Perhaps this means it is important to optimize the lookup.

I have three recommendations for lookup optimization.

  1. use sync/atomic.XXXPointer if it needs parallel access protection. If unsafe is not available, use sync.RWMutex. In my environment it is significantly faster than sync.Map in both cases.
  2. If your keys are uint8 or byte, use fixed length array. Because 1<<8 (8 to the power of 2) is only 256. This allows us to reproduce the worst case O(1) only in this special case.
  3. There are several alternatives to the hashmap used in the Go standard.

Note that there is a movement to migrate the standard map to Swiss table.

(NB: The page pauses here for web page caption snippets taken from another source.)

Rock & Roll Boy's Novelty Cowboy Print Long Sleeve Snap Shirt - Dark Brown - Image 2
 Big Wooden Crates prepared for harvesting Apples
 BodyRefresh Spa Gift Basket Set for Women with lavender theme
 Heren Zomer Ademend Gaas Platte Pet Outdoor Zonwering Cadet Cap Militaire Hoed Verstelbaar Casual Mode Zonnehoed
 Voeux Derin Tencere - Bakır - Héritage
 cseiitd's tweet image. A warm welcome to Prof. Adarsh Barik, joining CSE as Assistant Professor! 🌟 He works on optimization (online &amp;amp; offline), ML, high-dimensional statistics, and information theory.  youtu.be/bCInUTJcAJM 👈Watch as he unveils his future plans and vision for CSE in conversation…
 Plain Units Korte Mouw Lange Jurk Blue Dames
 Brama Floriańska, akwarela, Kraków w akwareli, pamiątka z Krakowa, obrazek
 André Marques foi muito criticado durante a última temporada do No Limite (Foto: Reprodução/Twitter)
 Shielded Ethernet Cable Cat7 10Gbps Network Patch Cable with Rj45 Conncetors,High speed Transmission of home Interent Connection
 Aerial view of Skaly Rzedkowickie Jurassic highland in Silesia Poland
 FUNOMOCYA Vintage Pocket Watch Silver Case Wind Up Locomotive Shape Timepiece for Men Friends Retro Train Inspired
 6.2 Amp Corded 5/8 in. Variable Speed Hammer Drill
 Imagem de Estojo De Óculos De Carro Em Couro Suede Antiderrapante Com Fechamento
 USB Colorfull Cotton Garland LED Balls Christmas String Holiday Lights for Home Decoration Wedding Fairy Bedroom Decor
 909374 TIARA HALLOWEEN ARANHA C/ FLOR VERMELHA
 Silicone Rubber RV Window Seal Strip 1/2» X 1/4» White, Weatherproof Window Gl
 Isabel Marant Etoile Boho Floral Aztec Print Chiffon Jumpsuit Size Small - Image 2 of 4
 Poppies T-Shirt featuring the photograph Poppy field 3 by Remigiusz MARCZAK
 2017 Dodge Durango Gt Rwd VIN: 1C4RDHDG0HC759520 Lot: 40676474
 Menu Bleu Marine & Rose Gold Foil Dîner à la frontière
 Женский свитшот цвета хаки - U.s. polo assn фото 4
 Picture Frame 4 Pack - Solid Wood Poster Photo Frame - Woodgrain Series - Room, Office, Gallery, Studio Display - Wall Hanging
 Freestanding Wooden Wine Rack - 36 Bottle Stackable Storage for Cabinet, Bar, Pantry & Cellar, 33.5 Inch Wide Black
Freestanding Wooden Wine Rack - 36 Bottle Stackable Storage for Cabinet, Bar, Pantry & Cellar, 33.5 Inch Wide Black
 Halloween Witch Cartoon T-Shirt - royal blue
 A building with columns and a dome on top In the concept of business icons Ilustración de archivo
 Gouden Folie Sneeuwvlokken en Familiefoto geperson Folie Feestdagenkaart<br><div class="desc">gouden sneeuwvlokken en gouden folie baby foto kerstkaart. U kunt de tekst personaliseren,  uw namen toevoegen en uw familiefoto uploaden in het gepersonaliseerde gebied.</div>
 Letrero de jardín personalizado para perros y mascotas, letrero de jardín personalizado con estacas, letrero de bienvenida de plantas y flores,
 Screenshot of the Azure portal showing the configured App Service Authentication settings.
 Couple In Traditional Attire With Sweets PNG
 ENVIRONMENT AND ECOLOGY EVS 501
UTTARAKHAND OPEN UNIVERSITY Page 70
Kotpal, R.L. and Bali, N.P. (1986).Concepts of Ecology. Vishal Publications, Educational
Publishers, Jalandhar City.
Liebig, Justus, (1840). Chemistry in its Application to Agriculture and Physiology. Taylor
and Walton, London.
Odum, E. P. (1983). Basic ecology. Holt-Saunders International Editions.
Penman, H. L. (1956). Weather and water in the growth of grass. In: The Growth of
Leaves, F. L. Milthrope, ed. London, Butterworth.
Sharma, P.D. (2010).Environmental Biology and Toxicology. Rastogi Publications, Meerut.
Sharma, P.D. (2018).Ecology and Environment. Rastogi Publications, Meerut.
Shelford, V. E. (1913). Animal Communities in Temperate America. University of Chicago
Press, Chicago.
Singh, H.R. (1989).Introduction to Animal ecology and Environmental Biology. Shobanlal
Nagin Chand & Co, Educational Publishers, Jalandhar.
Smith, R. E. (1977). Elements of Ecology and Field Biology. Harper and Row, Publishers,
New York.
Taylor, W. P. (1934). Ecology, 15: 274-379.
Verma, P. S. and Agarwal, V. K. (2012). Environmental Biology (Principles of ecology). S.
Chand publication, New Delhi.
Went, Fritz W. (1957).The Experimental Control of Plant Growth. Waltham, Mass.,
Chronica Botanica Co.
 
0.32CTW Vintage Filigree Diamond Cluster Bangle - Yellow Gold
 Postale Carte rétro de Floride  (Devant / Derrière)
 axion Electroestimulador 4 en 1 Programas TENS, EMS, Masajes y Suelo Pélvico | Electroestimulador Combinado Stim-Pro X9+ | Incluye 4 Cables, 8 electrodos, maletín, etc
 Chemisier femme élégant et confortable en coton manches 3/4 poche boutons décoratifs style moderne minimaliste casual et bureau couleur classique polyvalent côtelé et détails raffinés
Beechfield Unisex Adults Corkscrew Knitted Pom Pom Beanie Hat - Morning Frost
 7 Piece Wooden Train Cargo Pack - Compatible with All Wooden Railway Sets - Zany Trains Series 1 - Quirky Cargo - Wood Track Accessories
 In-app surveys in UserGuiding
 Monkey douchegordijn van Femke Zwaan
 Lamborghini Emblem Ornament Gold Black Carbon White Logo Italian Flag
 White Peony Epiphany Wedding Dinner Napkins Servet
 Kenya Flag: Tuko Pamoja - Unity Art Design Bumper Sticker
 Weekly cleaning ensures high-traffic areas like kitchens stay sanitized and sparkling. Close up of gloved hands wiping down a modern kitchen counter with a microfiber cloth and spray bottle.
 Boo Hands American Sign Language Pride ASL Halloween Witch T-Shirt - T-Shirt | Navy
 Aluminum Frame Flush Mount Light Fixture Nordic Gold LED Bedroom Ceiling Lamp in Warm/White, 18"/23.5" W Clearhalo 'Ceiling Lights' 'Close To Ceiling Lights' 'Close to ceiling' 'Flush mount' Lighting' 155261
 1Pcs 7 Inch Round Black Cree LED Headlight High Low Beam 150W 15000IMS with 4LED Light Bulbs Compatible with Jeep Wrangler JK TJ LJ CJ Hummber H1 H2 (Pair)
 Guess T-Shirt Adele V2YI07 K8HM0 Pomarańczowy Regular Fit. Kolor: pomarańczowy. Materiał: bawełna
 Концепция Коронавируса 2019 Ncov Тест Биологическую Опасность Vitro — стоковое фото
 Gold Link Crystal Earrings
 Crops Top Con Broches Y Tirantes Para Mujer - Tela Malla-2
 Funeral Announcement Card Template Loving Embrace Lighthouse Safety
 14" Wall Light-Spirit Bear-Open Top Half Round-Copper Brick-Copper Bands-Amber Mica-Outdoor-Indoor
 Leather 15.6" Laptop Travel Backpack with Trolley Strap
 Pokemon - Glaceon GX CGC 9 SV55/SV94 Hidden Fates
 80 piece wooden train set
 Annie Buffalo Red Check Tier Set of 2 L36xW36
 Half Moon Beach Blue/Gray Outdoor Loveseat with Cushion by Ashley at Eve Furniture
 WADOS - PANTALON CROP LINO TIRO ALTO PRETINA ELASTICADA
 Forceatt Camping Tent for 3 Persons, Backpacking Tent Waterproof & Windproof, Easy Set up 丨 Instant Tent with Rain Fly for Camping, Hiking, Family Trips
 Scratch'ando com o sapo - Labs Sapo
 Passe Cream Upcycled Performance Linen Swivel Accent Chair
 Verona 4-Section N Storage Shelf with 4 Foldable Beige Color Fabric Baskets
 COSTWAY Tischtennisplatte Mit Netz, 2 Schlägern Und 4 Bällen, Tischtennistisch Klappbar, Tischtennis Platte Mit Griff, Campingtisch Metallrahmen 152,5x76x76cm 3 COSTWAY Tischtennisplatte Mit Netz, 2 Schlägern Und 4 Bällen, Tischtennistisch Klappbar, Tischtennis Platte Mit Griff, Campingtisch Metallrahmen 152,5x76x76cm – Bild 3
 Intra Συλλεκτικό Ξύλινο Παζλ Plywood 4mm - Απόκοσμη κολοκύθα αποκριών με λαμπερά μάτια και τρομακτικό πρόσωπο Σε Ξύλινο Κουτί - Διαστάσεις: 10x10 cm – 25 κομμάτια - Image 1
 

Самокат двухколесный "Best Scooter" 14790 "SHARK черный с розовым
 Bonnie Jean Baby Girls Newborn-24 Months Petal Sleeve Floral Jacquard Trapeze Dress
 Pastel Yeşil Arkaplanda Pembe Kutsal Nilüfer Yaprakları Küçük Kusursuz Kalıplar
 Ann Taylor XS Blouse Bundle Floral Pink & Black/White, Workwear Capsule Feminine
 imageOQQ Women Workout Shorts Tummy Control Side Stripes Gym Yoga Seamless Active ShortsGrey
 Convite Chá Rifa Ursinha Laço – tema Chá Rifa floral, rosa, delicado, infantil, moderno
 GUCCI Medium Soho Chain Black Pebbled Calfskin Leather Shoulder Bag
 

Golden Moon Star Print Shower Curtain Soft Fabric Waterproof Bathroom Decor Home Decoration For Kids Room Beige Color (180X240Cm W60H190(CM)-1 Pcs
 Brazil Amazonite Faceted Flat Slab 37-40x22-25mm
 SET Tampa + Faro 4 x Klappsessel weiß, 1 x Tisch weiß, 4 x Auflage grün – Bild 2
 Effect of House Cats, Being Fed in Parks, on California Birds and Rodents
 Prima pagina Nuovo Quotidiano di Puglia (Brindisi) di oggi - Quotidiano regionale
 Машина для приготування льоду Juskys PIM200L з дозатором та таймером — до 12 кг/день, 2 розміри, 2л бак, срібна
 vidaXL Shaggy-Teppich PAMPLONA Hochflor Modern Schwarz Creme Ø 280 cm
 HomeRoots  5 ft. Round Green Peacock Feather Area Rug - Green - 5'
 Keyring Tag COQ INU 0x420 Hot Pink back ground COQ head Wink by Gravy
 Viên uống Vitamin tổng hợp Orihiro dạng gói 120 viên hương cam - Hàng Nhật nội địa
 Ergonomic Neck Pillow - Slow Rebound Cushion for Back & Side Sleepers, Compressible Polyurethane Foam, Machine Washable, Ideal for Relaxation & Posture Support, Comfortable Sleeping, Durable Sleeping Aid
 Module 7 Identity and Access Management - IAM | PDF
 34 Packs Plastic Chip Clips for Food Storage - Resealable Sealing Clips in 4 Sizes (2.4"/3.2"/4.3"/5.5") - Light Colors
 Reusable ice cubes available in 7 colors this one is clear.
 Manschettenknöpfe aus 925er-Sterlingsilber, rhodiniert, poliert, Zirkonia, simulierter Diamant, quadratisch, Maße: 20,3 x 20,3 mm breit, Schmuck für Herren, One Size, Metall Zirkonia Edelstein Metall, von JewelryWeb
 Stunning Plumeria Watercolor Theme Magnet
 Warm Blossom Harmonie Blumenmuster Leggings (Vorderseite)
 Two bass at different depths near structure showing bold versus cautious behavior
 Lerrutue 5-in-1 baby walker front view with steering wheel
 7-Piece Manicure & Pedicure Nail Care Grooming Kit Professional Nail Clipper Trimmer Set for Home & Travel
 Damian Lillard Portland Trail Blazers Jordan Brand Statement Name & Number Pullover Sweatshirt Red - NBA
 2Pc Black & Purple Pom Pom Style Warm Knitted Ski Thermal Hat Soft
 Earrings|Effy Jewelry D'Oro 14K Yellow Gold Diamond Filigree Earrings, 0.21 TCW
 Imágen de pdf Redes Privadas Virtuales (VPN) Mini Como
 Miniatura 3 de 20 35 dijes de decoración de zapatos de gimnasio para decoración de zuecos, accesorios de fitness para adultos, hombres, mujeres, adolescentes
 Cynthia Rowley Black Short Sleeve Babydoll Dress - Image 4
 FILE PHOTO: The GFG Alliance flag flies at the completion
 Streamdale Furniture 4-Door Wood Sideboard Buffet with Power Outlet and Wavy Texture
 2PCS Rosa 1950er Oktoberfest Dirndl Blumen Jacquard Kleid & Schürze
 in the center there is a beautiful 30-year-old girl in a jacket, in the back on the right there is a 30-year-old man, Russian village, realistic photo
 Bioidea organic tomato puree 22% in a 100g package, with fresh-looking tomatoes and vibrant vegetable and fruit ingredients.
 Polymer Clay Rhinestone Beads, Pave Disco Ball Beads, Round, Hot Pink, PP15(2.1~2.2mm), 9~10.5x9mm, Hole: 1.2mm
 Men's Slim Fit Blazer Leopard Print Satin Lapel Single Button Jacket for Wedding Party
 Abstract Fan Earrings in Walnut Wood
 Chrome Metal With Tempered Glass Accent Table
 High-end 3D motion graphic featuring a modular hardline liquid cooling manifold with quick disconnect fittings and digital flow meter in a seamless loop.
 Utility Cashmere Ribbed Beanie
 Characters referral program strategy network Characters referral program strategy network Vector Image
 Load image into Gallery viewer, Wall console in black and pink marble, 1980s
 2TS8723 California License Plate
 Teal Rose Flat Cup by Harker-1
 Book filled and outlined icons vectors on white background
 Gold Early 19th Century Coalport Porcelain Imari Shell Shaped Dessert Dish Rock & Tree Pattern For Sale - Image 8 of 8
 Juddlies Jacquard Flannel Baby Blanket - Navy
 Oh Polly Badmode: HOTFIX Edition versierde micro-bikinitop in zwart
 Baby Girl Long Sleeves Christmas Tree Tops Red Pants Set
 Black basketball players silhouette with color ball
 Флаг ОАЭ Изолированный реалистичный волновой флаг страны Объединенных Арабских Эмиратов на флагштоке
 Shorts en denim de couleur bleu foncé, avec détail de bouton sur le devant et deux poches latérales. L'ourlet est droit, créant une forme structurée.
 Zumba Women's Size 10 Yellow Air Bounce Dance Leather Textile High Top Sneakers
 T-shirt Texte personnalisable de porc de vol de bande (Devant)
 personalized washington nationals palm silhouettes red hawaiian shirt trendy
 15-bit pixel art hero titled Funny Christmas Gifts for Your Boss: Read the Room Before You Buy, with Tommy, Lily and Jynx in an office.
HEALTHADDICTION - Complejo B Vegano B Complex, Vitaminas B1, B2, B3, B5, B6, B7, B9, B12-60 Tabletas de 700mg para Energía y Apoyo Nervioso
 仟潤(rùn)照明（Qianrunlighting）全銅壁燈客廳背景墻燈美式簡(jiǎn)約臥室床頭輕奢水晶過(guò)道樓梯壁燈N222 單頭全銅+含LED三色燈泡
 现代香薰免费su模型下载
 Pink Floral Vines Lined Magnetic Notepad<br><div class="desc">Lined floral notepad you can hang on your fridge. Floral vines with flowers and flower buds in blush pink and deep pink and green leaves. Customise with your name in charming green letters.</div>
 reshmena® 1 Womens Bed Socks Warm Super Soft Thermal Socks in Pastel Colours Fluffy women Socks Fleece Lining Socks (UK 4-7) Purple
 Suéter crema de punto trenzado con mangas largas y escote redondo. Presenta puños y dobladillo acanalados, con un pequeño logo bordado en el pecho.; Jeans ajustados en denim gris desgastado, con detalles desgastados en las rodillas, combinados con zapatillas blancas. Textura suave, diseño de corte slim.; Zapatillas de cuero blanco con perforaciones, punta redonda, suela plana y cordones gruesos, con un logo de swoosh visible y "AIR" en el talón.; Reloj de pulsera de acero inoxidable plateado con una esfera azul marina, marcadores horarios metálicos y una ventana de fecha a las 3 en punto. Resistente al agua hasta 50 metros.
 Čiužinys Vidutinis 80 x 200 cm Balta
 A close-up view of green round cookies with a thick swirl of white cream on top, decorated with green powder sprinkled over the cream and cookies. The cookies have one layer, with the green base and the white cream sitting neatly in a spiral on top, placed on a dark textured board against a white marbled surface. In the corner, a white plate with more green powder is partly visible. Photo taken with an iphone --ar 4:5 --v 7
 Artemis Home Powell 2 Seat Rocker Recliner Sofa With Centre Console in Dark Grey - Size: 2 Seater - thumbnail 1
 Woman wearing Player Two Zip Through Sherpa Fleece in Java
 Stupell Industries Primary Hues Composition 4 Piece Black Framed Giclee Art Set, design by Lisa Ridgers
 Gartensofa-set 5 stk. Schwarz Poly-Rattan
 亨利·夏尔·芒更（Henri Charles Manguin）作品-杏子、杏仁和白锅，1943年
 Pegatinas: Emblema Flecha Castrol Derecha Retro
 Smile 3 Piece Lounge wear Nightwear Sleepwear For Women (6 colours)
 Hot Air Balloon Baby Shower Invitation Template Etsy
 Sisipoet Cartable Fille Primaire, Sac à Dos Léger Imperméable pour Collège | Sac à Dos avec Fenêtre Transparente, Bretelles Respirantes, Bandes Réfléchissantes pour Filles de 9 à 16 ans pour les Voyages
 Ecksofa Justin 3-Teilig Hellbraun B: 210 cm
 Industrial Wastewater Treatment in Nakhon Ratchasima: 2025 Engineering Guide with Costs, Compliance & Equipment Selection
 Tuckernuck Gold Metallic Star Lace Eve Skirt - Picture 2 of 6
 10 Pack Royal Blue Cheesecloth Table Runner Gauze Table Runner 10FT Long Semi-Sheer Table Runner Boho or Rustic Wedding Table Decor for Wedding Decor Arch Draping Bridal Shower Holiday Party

Expect more in the future.

Now, completely ignoring what I just said, I am using the perfect hash function (PHF).
This is literally perfect for my use and is only available when key/value pairs are known from the start and don't change.

And related to this is the hash function, which is becoming more and more important. The important thing is to choose the right one for your application, and I use FNV1a for the following reasons.

  • Size that can be inlined manually
  • Can generate a hash while converting to lowercase since it reads one letter at a time
  • Faster than the hash function used inside the Go language when inlined and unrolled (under my environment)

This is roughly how I made this work. Thanks for taking a look. Have a great day.